(Resource News International) — Canadian canola exports should end up steady on the year, but they could have been larger were it not for high tariffs which limited demand from China, according to industry officials.
Looking ahead to the 2008-09 new crop year, exporters thought inquiries were starting to pick up.
The export pace of Canadian canola during the current 2007-08 crop year is slightly ahead of the year ago, according to Canadian Grain Commission data. As of June 29, Canada had exported 5.15 million tonnes of canola, which compares with 5.06 million at the same point the previous year. While the exports have been steady, market participants thought there could have been more business were it not for the stiffer tariffs on canola entering China compared to soybeans.Canola destined for China currently faces a nine per cent import tax, which compares with only one per cent for soybeans. The soybean tariff was reduced from its previous level of three per cent in October 2007, while the canola tax was left unchanged.
As oilseed prices moved higher, the eight per cent spread in import taxes between canola and soybeans became more of a detriment to canola sales into China, according to canola exporter Adrian Man, of Winnipeg’s James Richardson International (JRI).
He thought Chinese business for canola had all but disappeared in recent months, but added that current price action was starting to generate some renewed interest. Man pointed out that China imported 873,000 tonnes of Canadian canola during the 2006-07 crop year, but have only imported 588,000 tonnes as of the past month.
Business to Pakistan has also been down on the year, due in part to increased competition from Ukraine, Man said. However, he added, exports to traditional customers Japan, Mexico, and the U.S. were all strong, while Dubai also bought more canola.
“I think at the end of the day, the total exports for this year will end up the same as last year,” said Man. Canada exported a total of 5.48 million tonnes of canola in 2006-07, according to government data.
With attention now turning to new-crop sales, Man thought an increase in inquiries from potential customers in recent days would likely lead to some fresh business.

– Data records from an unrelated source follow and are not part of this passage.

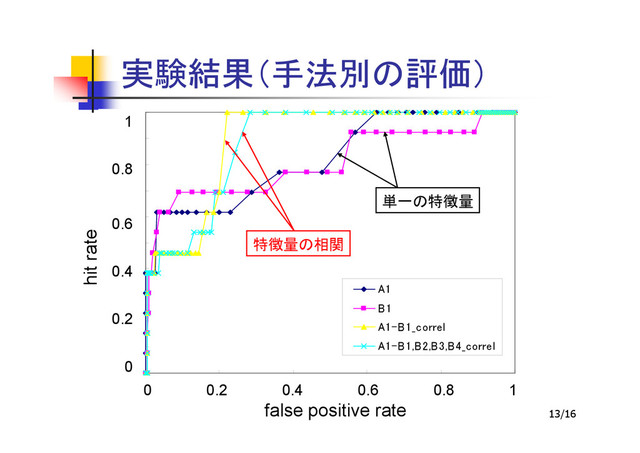 13/16
実験結果（手法別の評価）
0
0.1
0.2
0.3
0.4
0.5
0.6
0.7
0.8
0.9
1
0 0.2 0.4 0.6 0.8 1
A1
B1
A1-B1_correl
A1-B1,B2,B3,B4_correl
0 0.2 0.4 0.6 0.8 1
false positive rate
1
0.8
0.6
0.4
0.2
0
hit rate
単一の特徴量
特徴量の相関
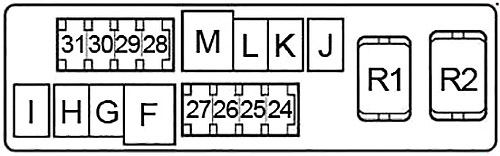 Nissan Sentra (2007-2012) - caixa de fusíveis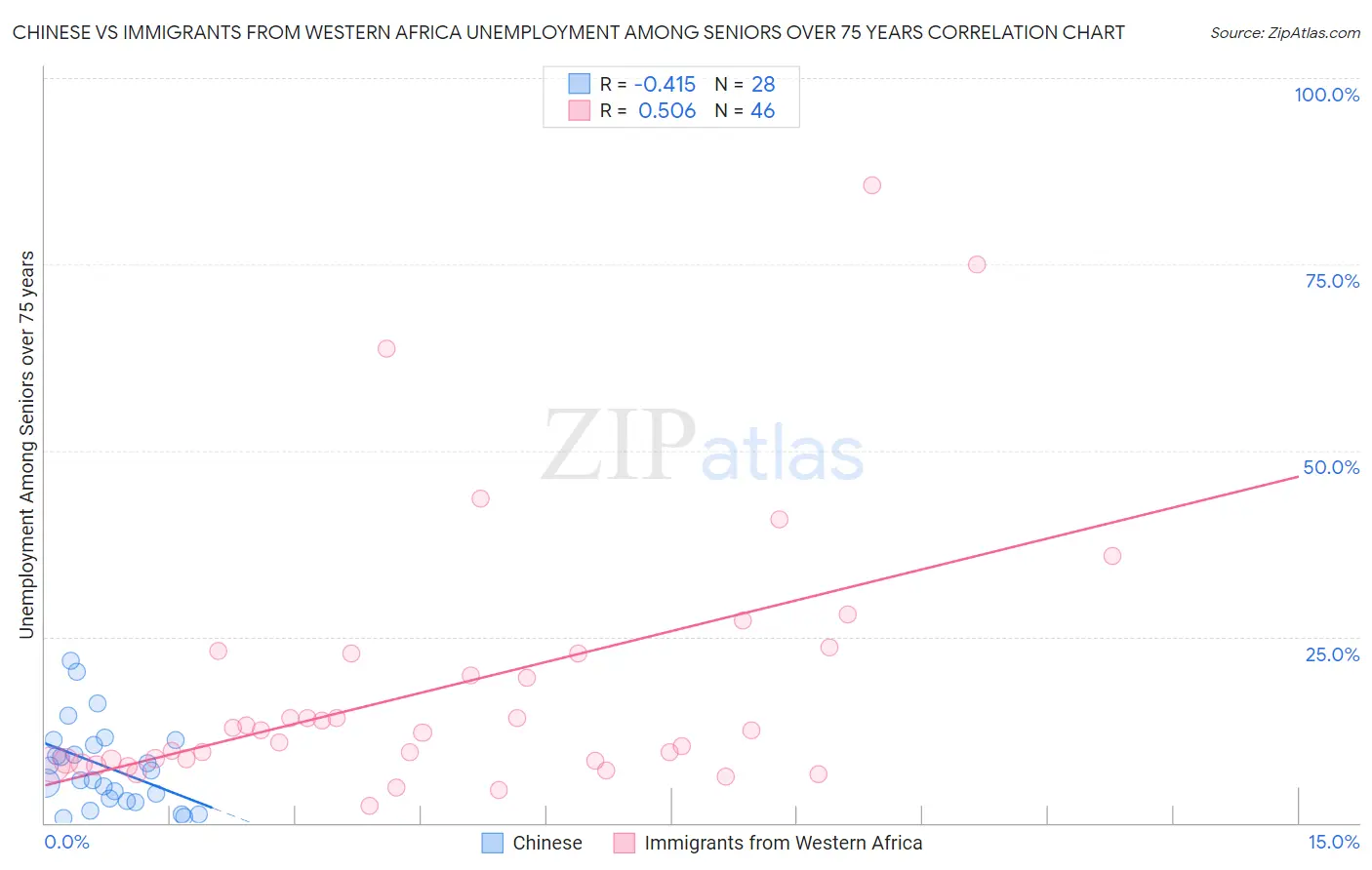 Chinese vs Immigrants from Western Africa Unemployment Among Seniors over 75 years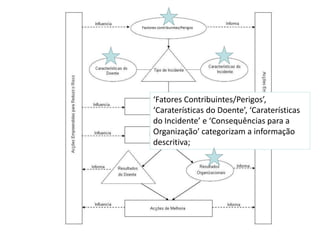‘Fatores Contribuintes/Perigos’,
‘Caraterísticas do Doente’, ‘Caraterísticas
do Incidente’ e ‘Consequências para a
Organização’ categorizam a informação
descritiva;

 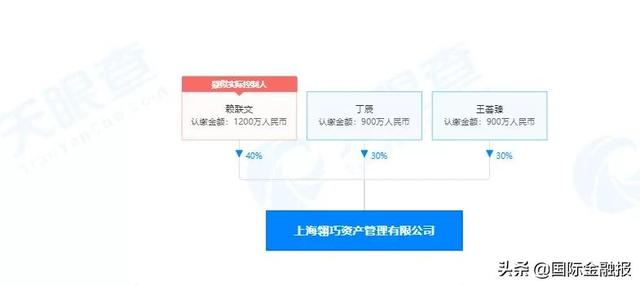 速配资官网 速配资官网
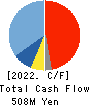 LEADER ELECTRONICS CORPORATION Cash Flow Statement 2022年3月期
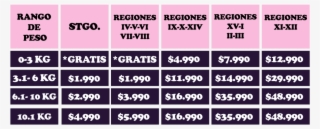 No Dudes En Rechazar El Paquete Si Sospechas Que Ha - Real Piano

“We’re a lot closer to some additional offshore business than we were four to six weeks ago, which is encouraging,” added Lach Coburn, Cargill’s West Coast manager of shipping. “The gap has been narrowed, but we’re not there yet,” he said on the potential for sales.
Coburn agreed that the tariff differential between soybeans and canola into China had hurt some of the export potential in recent months, and thought business could have been up on the year if Canada had been more “tariff competitive.” He described export business as being “steady,” but with “room for improvement.”
Looking ahead, neither exporter had heard of anything in the works to lower the Chinese import tariff on canola. However, both also mentioned China as one of the potential customers currently in the market.
Coburn said crop development over the next few weeks will be important, as export customers will be waiting to see if they need to become more aggressive in securing new crop supplies or if they can wait for the opportunity to come to them.